By Dan Drollette Jr | April 30, 2019

plasma swirls on orange sunWhen two light atomic nuclei manage to overcome the forces that repel them, they can fuse together, releasing more energy than was required to start the reaction. This process is the force that powers the sun, whose source of energy is an ongoing fusion chain reaction. On Earth, the only place we have managed to sustain that reaction is in a hydrogen bomb. (Image of sun photographed in extreme UV light, courtesy of Solar Dynamics Observatory/NASA.)

Is it the perfect energy source as some claim, capable of replacing all of today’s fission reactors with their problematic features? Or a showcase for the drawbacks of a technology? Is it a field too closely tied to nuclear weaponry—or something that has brought one-time enemy researchers together?

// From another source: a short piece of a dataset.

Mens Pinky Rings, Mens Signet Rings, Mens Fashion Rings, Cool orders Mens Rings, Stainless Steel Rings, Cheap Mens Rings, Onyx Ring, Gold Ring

A waste of research money, or a vital part to understanding our universe?

Or is it all the above?

“It” is the effort to make fusion into an everyday energy source, something which has been a topic of interest ever since the 1952 detonation of the first hydrogen bomb—also known as the Super—demonstrated the awesome power that could be released by mimicking the thermonuclear processes that go on in the sun, where hydrogen ions fuse together at temperatures exceeding 100 million degrees Fahrenheit to release energy. (The necessary temperatures in the hydrogen bomb were only achieved by using the tremendous heat generated in the full scale explosion of a more traditional fission bomb—roughly speaking, essentially using the energy released from the splitting of atoms in one bomb to supply the conditions necessary to fuse atoms together in another, bigger bomb and release even more energy.)

The sight of all that energy in action was stunning, as was the thought of turning it towards something other than blowing things up.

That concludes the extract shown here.